Code for America (CfA) describes itself as “a Peace Corps for geeks.” Its mission is to improve the way governments work through the creative and intelligent use of technology. The organization operates a fellowship, an accelerator, a brigade for civic organizing, and a peer network that all work toward this goal.
The fellowship program connects web developers, designers, and entrepreneurs with cities to find innovative solutions to municipal problems. The 11-month program also includes government training, professional development, and networking. When the 2012 fellowship concluded, three teams of fellows were interested in launching full-fledged businesses to scale their products and expand nationwide.
This is where the incubator program steps in.
This new “no-nonsense, highly focused experience” will last for six months and help transition early-stage civic entrepreneurs into startup mode as they develop business strategies, improve their products, and acquire customers. The first companies to participate are LocalData, BlightStatus, and Textizen.
“Google’s been with us from the start, and we’re excited about their continued interest in transforming government by investing in a new generation of disruptive entrepreneurs,” said CfA’s founder Jennifer Pahlka in a blog post. “These startups are developing light-weight, flexible, affordable tools that help cities work better and are becoming the foundation of a new market for civic innovation. Google’s support in this effort is invaluable.”
The partnership is not Google’s first with CfA. The search giant funded its 2012 programs, including the launch of a civic startup accelerator program that took on “disruption as a public service.” The accelerator program chose seven companies out of a pool of 230 to “turbocharge,” providing them with opportunities to raise awareness of their project, access training and advice, and be introduced to a network of potential investors, civic leaders, and partners.

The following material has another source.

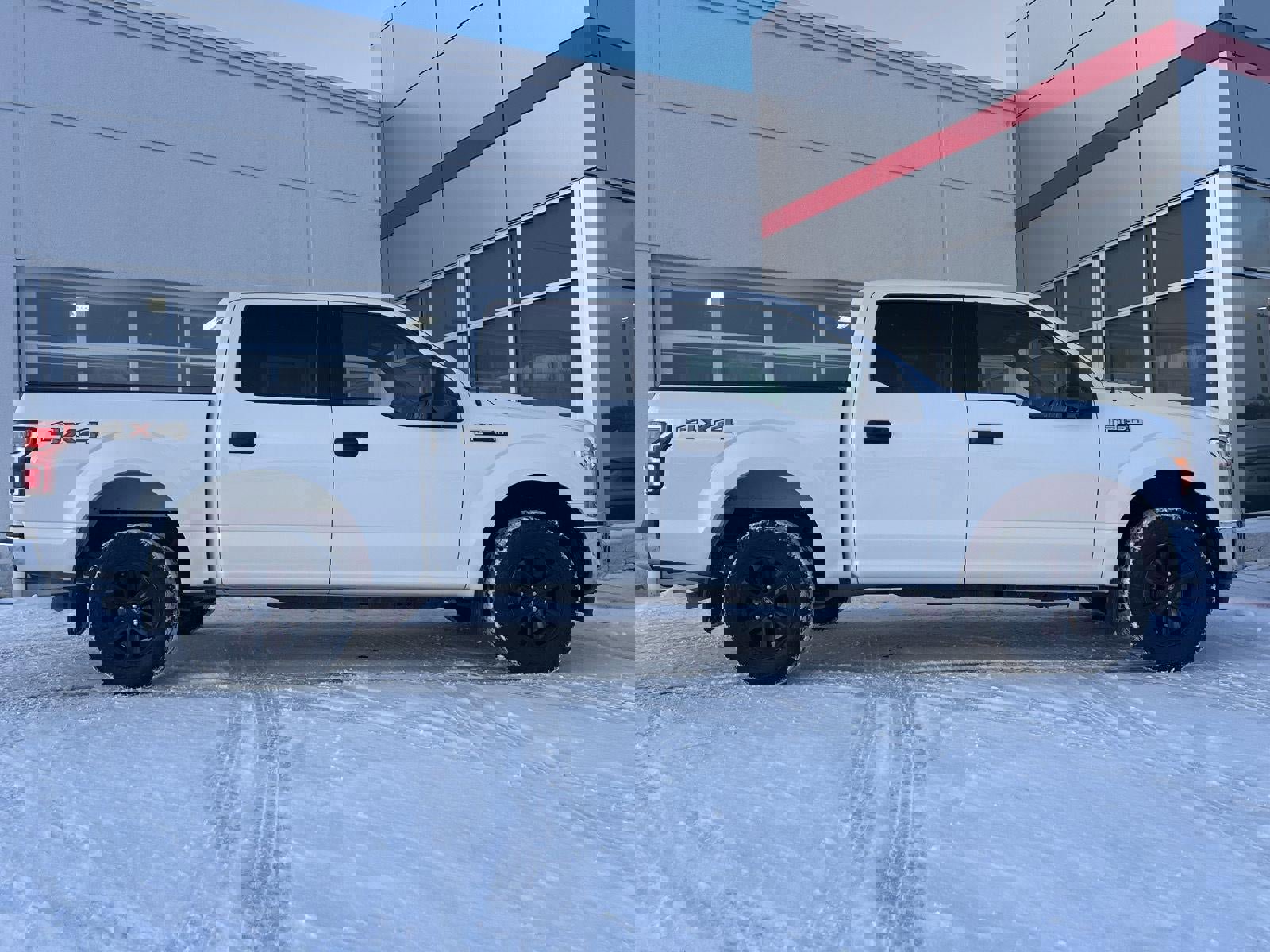 Used 2018 Ford F150 XLT w/ Trailer Tow Package image 24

This incubator program as the same fundamental goal — to bring government operations up to date — but it also serves as a bridge for CfA fellows rather than independent startups tackling this issue. Sustainability is key here, not only to create businesses and products that endure, but also to retain talent and creativity within the civic space.

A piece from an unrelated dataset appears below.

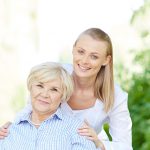 انجام کار پرستار سالمند با کمک دیگر اعضای خانواده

Peace Corps volunteers and entrepreneurs share a great deal in common. Serving in the Peace Corps honed my determination, resourcefulness, adaptability, creativity, and ability to think outside of the box (not to mention my spice tolerance). Many of the qualities that make a successful Peace Corps volunteer make a successful entrepreneur, but in both cases, a support network is necessary to create change. The challenge for both, is to develop projects that not only sustain on their own, but grow.